AL-RNNs provide a robust, data-driven method to infer minimal PWL models of dynamical systems, enhancing interpretability and topological fidelity compared to traditional approaches.

Findings

Successfully recovered known PWL representations of Lorenz and Rössler systems.

Achieved interpretable symbolic encodings for complex empirical datasets.

Demonstrated efficiency and robustness of AL-RNNs in dynamical systems reconstruction.

Abstract

Dynamical systems (DS) theory is fundamental for many areas of science and engineering. It can provide deep insights into the behavior of systems evolving in time, as typically described by differential or recursive equations. A common approach to facilitate mathematical tractability and interpretability of DS models involves decomposing nonlinear DS into multiple linear DS separated by switching manifolds, i.e. piecewise linear (PWL) systems.

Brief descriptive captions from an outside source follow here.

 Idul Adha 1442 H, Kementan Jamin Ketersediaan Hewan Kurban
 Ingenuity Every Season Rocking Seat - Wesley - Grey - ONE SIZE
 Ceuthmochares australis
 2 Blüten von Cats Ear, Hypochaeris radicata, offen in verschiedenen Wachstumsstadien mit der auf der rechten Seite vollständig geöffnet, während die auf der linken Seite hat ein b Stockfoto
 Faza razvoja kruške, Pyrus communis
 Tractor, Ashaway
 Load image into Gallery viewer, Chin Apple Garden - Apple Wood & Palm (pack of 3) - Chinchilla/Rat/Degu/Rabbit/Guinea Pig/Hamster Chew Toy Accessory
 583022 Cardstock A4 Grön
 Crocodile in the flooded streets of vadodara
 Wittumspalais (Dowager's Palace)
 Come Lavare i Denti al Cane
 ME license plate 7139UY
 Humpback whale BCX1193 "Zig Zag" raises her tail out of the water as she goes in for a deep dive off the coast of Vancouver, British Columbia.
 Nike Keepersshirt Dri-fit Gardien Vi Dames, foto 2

PWL models are popular in engineering and a frequent choice in mathematics for analyzing the topological properties of DS. However, hand-crafting such models is tedious and only possible for very low-dimensional scenarios, while inferring them from data usually gives rise to unnecessarily complex representations with very many linear subregions. Here we introduce Almost-Linear Recurrent Neural Networks (AL-RNNs) which automatically and robustly produce most parsimonious PWL representations of DS from time series data, using as few PWL nonlinearities as possible. AL-RNNs can be efficiently trained with any SOTA algorithm for dynamical systems reconstruction (DSR), and naturally give rise to a symbolic encoding of the underlying DS that provably preserves important topological properties. We show that for the Lorenz and R\"ossler systems, AL-RNNs discover, in a purely data-driven way, the known topologically minimal PWL representations of the corresponding chaotic attractors. We further illustrate on two challenging empirical datasets that interpretable symbolic encodings of the dynamics can be achieved, tremendously facilitating mathematical and computational analysis of the underlying systems.